Maybe an example would help.

The new combobox text is not meant to create a new interaction paradigm. It's primary purpose is for ARIA to catch up with what is actually happening on the web.

While there are some comboboxes that open a dialog, most that pop open a listbox or a grid that mimics a list are not changing the conventional interaction model at all. In a conventional combobox, if you open the listbox, down arrow to a particular value, and then press tab, the value that had focus is placed into the combo input and the focus moves to the next element on the page. I am not clear why it would make any difference whether the list is made with a listbox, tree, or grid. The same behavior is equally workable.

>Another option is to place these things in a dialog box where the combobox launches a dialog box with objects within. 
>The dialog box MUST be modal. 

That is an option that works. And, in that particular case, I agree that it wouldn't make sense to use aria-activedescendant.

Matt

-----Original Message-----
From: Richard Schwerdtfeger [mailto:richschwer@gmail.com] 
Sent: Thursday, February 11, 2016 9:07 AM
To: Joseph Scheuhammer <clown@alum.mit.edu>
Cc: Bryan Garaventa <bryan.garaventa@ssbbartgroup.com>; Matt King <mck@fb.com>; ARIA Working Group <public-aria@w3.org>
Subject: Re: ACTION-1490 proposal says good bye to the "inline" notion for combobox

Good point Joseph. One of the things I have been wrestling with is the fact that what is being launched (if it is not a descendant - hence aria-activedescendant) is the fact that what gets launched must indeed be a modal window. 

This would get us away from having to apply aria-activedescendant on a combobox in these instances however it needs to be clear that if aria-controls is these are housed in modal windows that are controlled by combobox. 

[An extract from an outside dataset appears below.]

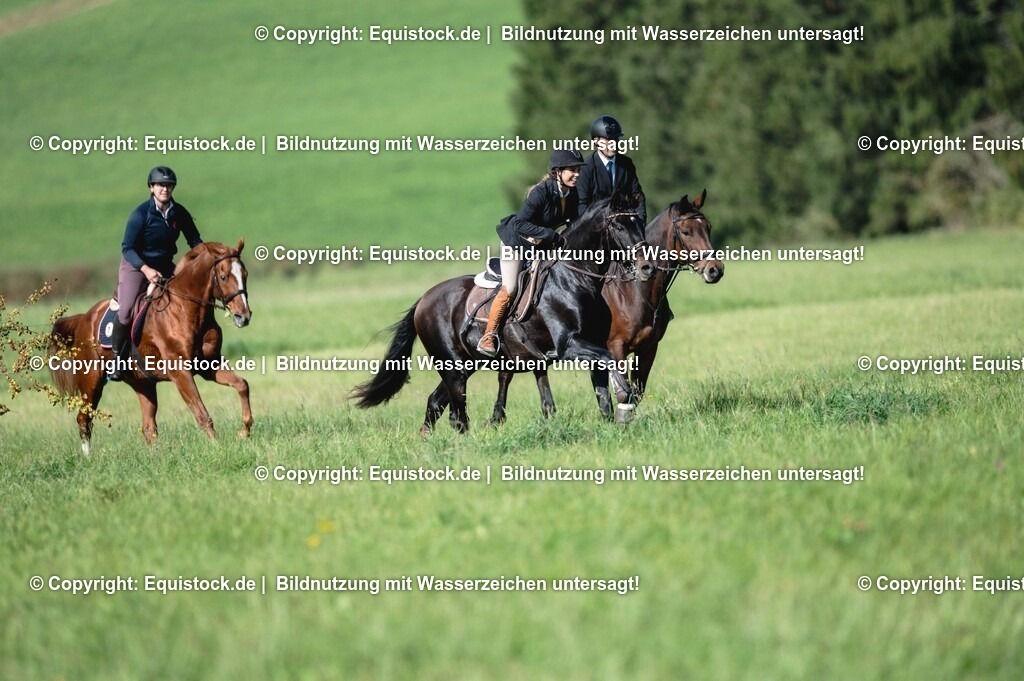 20251011_Jagd-Marbach_0254 | Foto: Thomas Hartig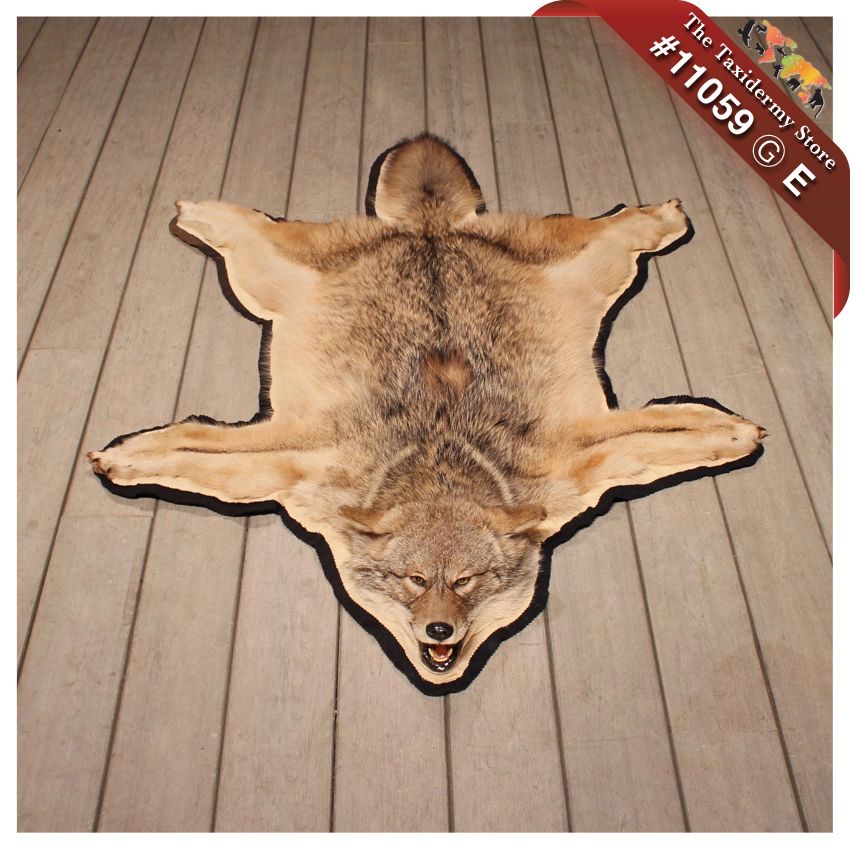 11059 E North American Coyote Taxidermy Rug Mount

I am seeing other use cases in IBM where even expandable landmarks are mad “modal”. I think we need to discuss modality in this scenario. Clearly aria-activedescendant will not work in these scenarios (pop up control) as it is not a descendant. This really is not any different that having a live region controlled by another part of the page. If it is not owned then the focus must be determined by the modal window or object with in the window/container. 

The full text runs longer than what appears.